These responses unequivocally confirm the juror's ability to disregard her own prior experience and judge the case on the basis of the evidence brought before her. If they are true, they preclude a challenge for cause. Allen, 605 F.3d at 464–65 (collecting cases). Judge Durkin decided to take the prospective juror at her word, and, as the trial judge, he was in the best position to observe her credibility and demeanor. United States v. Brodnicki, 516 F.3d 570, 574 (7th Cir.2008). Finding no reason to second-guess that decision, we defer to the discretion of the district court.

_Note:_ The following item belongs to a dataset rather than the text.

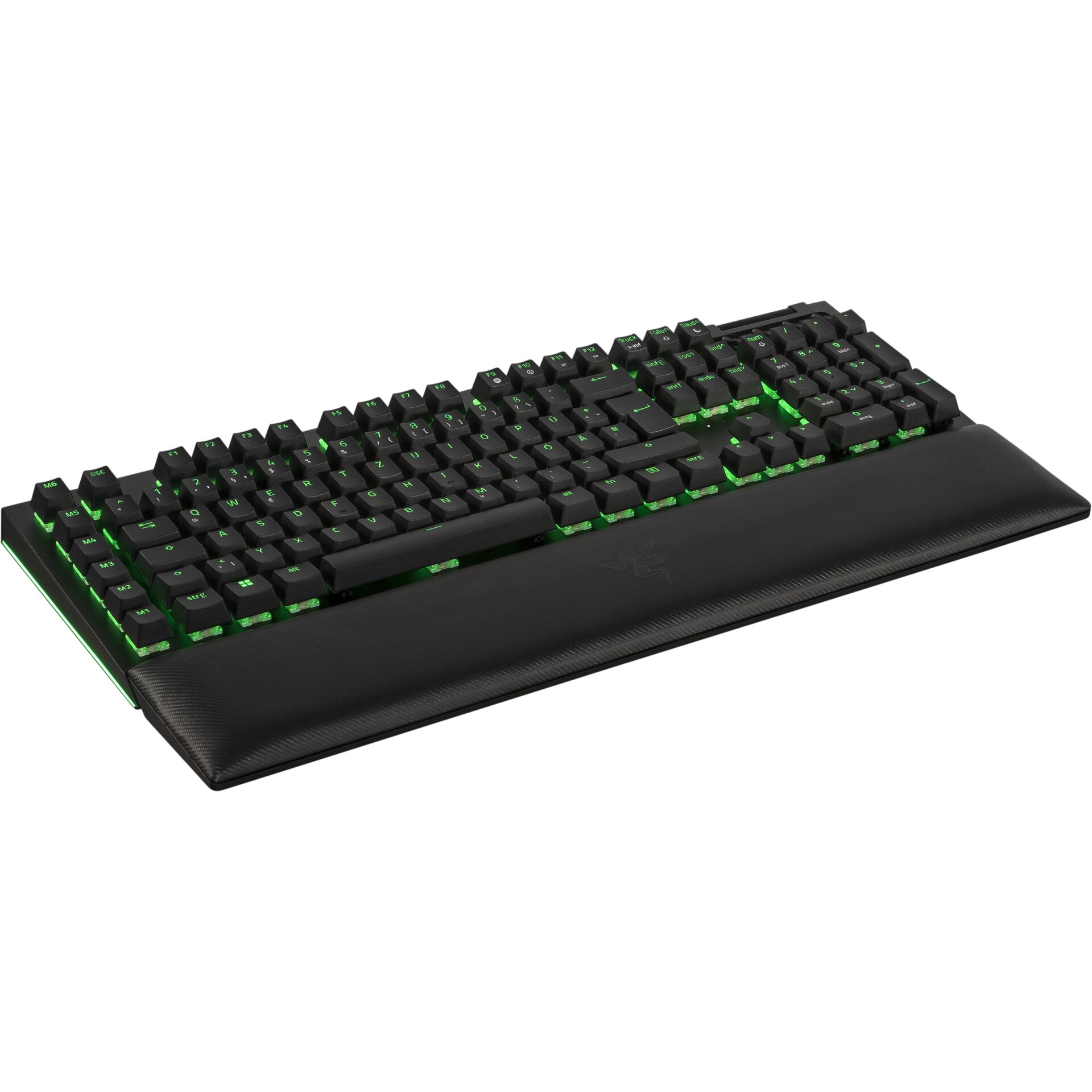 Gaming-Tastatur, Mechanisch, RGB-Beleuchtung, Kabelgebunden, Handgelenkstütze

Marshall's second argument is unusual, and requires some context. The parties agreed, prior to trial, to try the case to a jury of eight, which would be selected from a venire of twenty. The order in which veniremen were called for voir dire was randomly assigned, with no knowledge of race, by the clerk's office. As it happened, of the first fourteen veniremen called, none of the twelve whom were not excused for cause were black. At that point, a petit jury of eight (non-black) jurors had been selected. Counsel for Marshall, who is black, noticed that three of the six remaining veniremen were also black, and moved the court to expand the size of the petit jury to ten “in the hope of getting one of the persons of color on the jury.” The defendants objected and the court denied Marshall's request. Marshall believes that denial was an abuse of—or, more specifically, a “failure to exercise”—discretion.

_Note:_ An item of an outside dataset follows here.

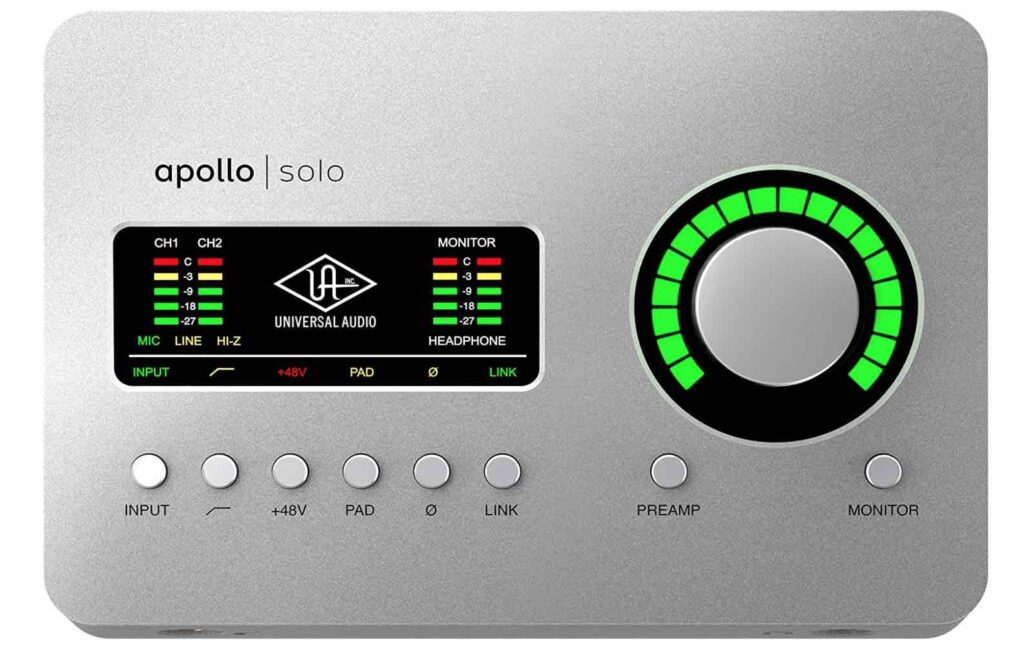 universal audio apollo solo audio interface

“The process of empaneling a jury is firmly entrusted to the sound discretion of the trial judge and will not be disturbed absent an abuse of this discretion.” United States v. Beasley, 48 F.3d 262, 266 (7th Cir.1995) (quoting United States v. Rubin, 37 F.3d 49, 54 (2d Cir.1994)). There was no abuse of discretion here. But even quoting the standard of review is getting ahead of ourselves. Marshall has suggested no remotely cognizable legal harm to support this argument. It is established that a litigant has no right to a petit jury which contains members of his race or which fairly represents a cross-section of the community. See Holland v.. Illinois, 493 U.S. 474, 477–78 (1990); United States v. Hatchett, 31 F.3d 1411, 1426 (7th Cir.1994). So how could the district court have erred by failing to ensure that Marshall got one? Marshall did, of course, have a right to a jury venire composed of a fair cross-section of the community, Hatchett, 31 F.3d at 1426, but he is not challenging the composition of the venire. He also had a right to see that no state actor intentionally excluded any person from the petit jury on account of their race, Batson v. Kentucky, 476 U.S. 79 (1986), but, again, Marshall is not claiming that any state actor acted in such a way. In short, it is hard to see the legal basis for Marshall's motion, let alone any reason why the district court's failure to grant it might amount to an abuse of discretion.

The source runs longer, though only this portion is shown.